If the array is an array of object, then objects you get, including 
instances of java.lang.Integer. If the array is array of int, for example, 
then ints you get.

> Attached is a patch with the test - this time with .txt extension - hope 
> it get's through...

Yes, the patch got through, thank you.

Andi..

>
> regards
> Thomas
>
> ======================================================================
> FAIL: test_ArrayList (__main__.Test_CollectionsBoolList)
> create ArrayList in JVM (from the JavaSet)
> ----------------------------------------------------------------------
> Traceback (most recent call last):
>  File "test_Collections.py", line 208, in test_ArrayList
>    elem0,type(elem0), listElem0, type(listElem0)))
> AssertionError: should be equal: true (<type 'Object'>) <-> True (<type 'bool'>
>
>
> ======================================================================
> FAIL: test_ArrayList (__main__.Test_CollectionsFloatList)
> create ArrayList in JVM (from the JavaSet)

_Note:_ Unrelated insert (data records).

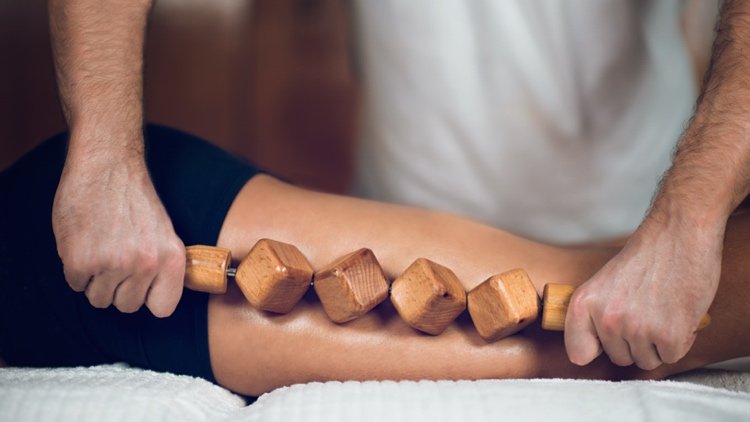 maderoterapi hur ofta anti-celluliter massage med träapparater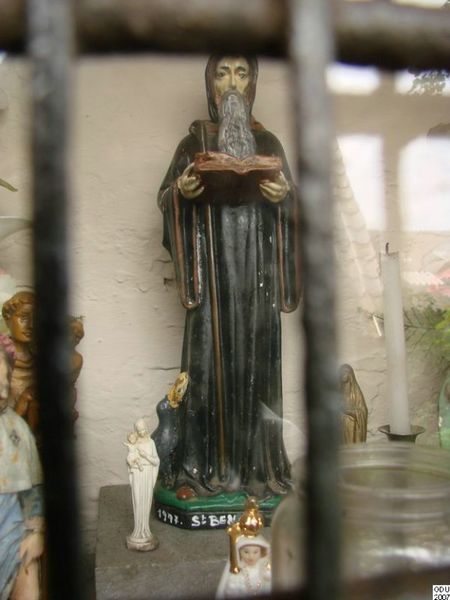 Statue de Saint-Benoit à l'intérieur de la chapelle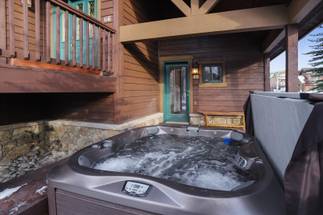 Hot Tub - Highland Greens 66 - Breckenridge Vacation Rental Hot Tub - Highland Greens 66 - Breckenridge Vacation Rental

> ----------------------------------------------------------------------
> Traceback (most recent call last):
>  File "test_Collections.py", line 208, in test_ArrayList
>    elem0,type(elem0), listElem0, type(listElem0)))

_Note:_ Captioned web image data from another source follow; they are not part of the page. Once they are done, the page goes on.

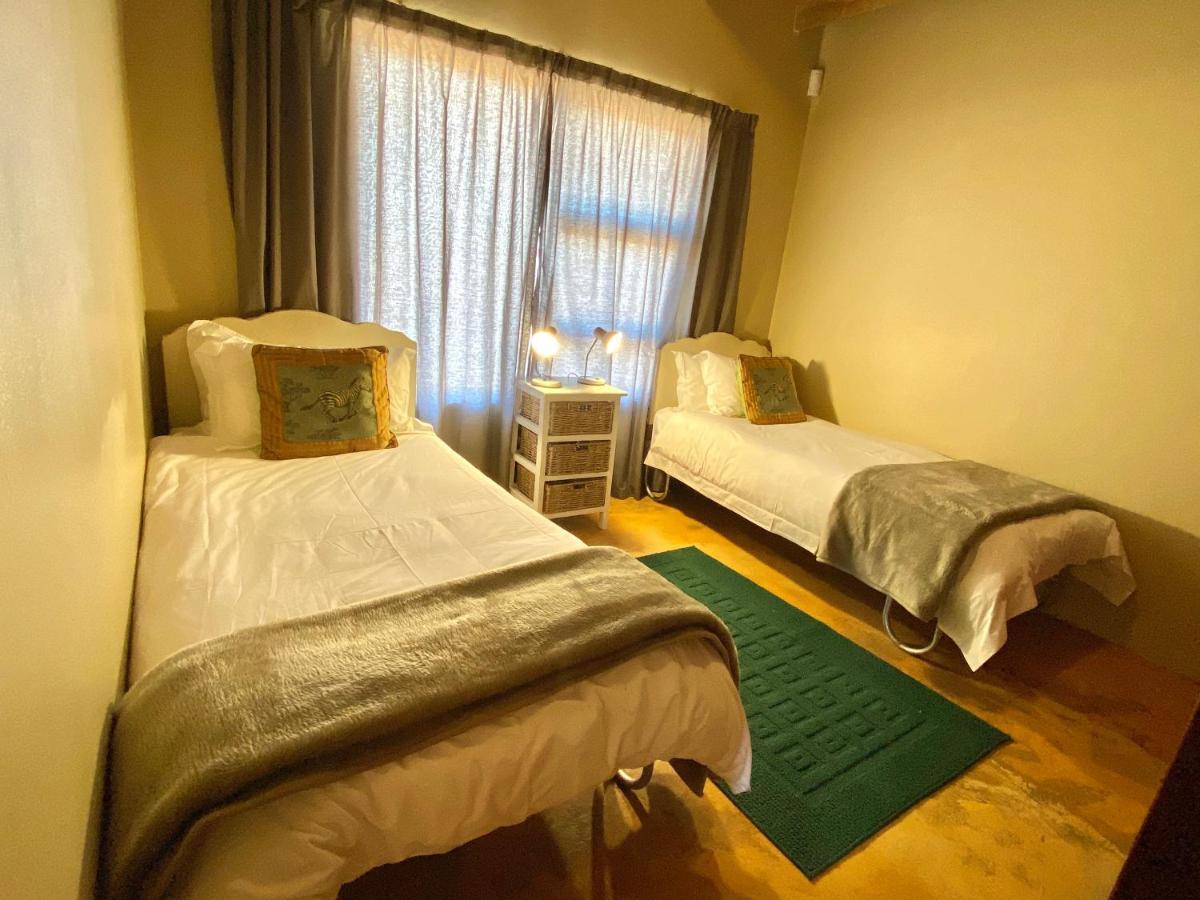 Parkview Safari Lodge Colchester Bagian luar foto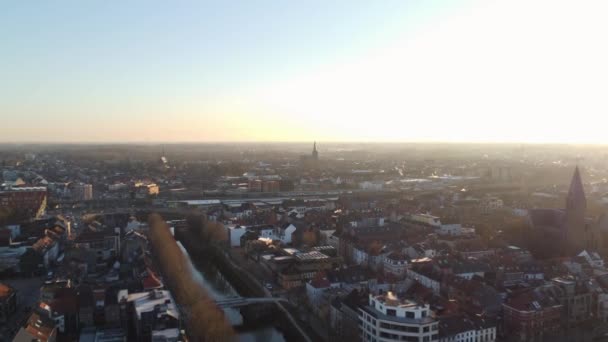 Flygfoto Över Staden Gent Vid Soluppgången Orange Gult Ljus Vattenkanalerna — Stockvideo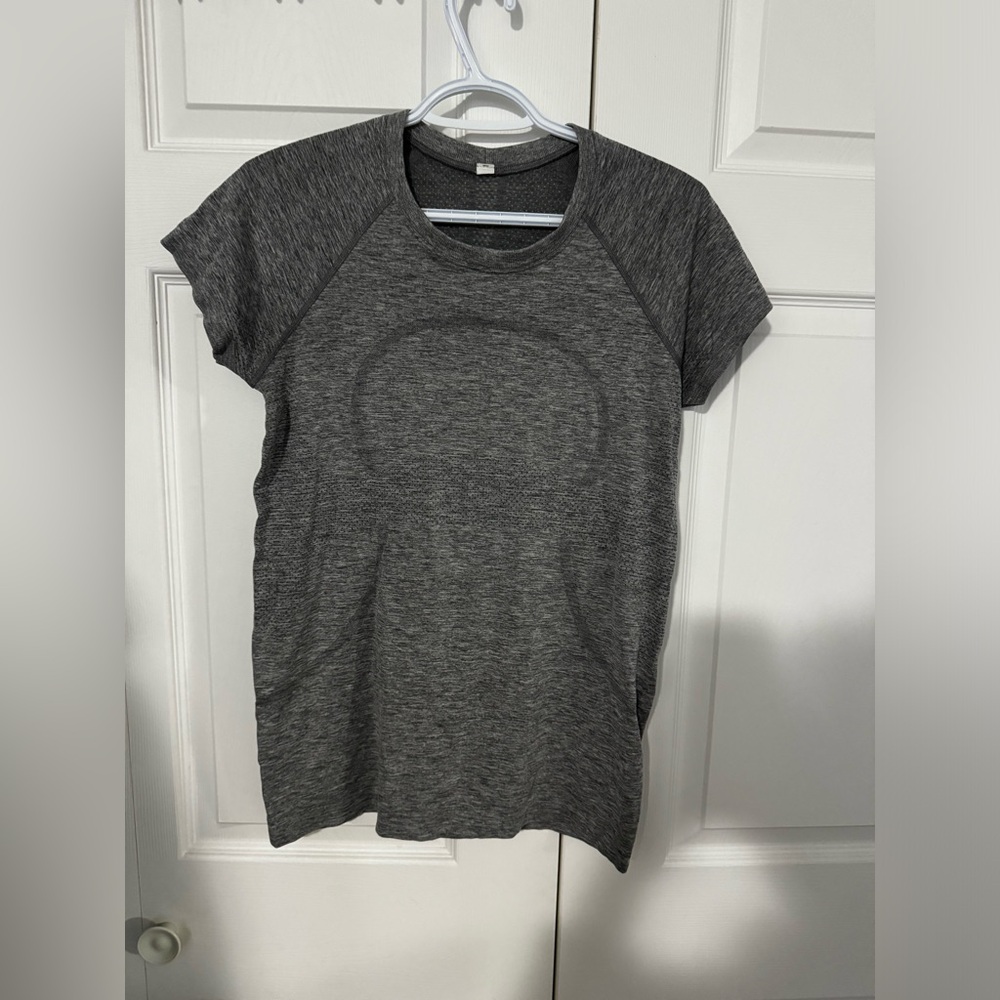 Lululemon swiftly T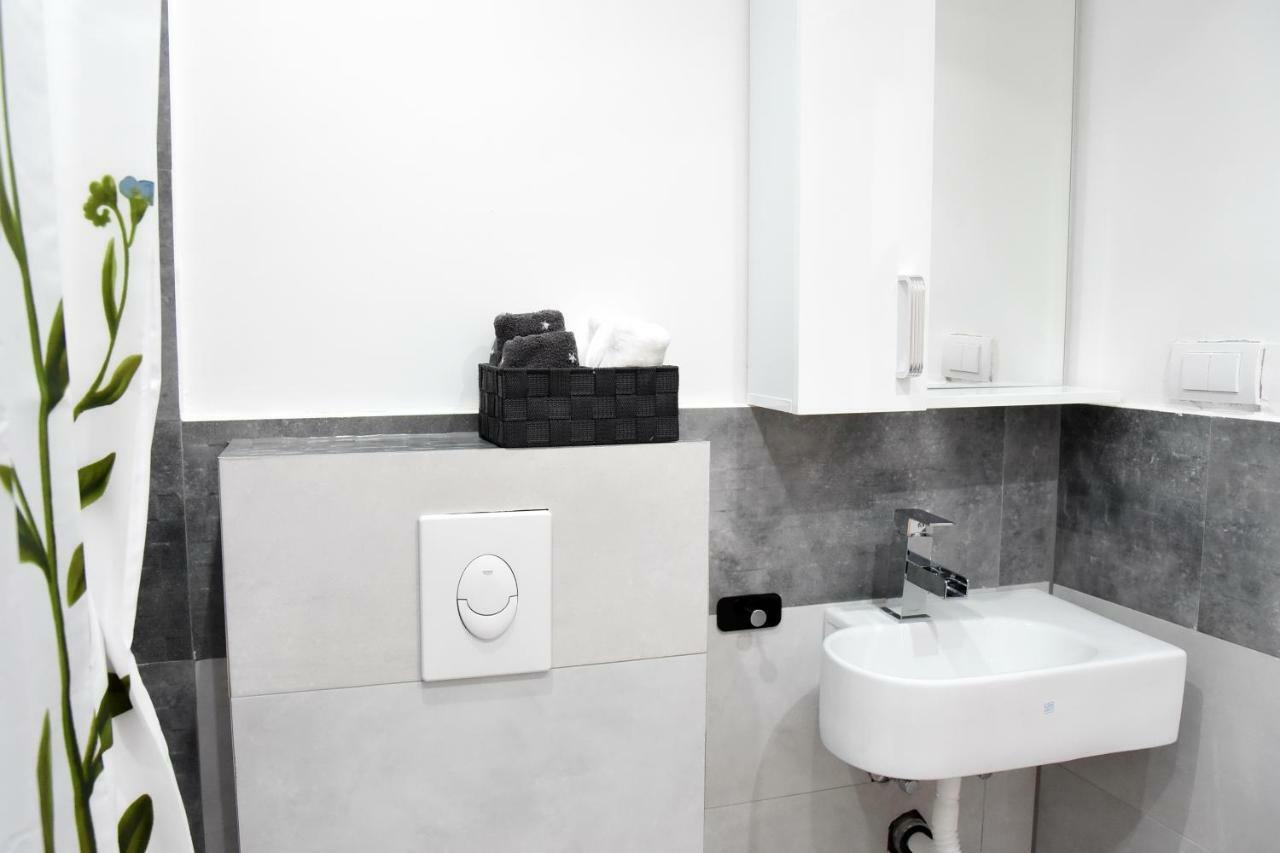 קוטור Lana & Ena Apartments מראה חיצוני תמונה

> AssertionError: should be equal: 1.5 (<type 'Object'>) <-> 1.5 (<type 'float'>)
>
> ======================================================================
> FAIL: test_ArrayList (__main__.Test_CollectionsListBase)

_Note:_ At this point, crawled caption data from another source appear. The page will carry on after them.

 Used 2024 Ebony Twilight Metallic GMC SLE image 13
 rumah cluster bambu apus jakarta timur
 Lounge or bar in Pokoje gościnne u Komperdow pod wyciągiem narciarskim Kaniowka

> create ArrayList in JVM (from the JavaSet)
> ----------------------------------------------------------------------
> Traceback (most recent call last):
>  File "test_Collections.py", line 208, in test_ArrayList
>    elem0,type(elem0), listElem0, type(listElem0)))
> AssertionError: should be equal: 0 (<type 'Object'>) <-> 0 (<type 'int'>)
>
> ======================================================================
> FAIL: test_ArrayList (__main__.Test_CollectionsStringList)
> create ArrayList in JVM (from the JavaSet)
> ----------------------------------------------------------------------
> Traceback (most recent call last):
>  File "test_Collections.py", line 208, in test_ArrayList
>    elem0,type(elem0), listElem0, type(listElem0)))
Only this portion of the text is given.